Aim of the exercise:
Each line from the material with the word "Cream" in it must be copied.

Dataset excerpts:
((
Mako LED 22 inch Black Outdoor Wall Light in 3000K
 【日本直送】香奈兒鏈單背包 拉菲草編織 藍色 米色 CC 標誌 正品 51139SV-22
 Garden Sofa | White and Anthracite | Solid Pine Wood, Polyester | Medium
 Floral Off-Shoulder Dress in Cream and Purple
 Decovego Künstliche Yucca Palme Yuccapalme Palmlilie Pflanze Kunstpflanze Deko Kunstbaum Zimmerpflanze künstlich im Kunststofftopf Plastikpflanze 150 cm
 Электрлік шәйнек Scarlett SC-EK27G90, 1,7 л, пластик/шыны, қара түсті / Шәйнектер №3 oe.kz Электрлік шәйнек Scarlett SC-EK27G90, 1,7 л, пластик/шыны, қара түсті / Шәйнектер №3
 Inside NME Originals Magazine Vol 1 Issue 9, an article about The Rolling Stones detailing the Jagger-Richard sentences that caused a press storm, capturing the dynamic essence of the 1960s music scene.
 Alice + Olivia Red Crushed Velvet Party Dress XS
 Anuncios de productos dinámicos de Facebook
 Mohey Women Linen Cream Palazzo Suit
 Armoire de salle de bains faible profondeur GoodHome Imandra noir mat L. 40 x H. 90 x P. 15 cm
))
Answer box:
 Floral Off-Shoulder Dress in Cream and Purple
 Mohey Women Linen Cream Palazzo Suit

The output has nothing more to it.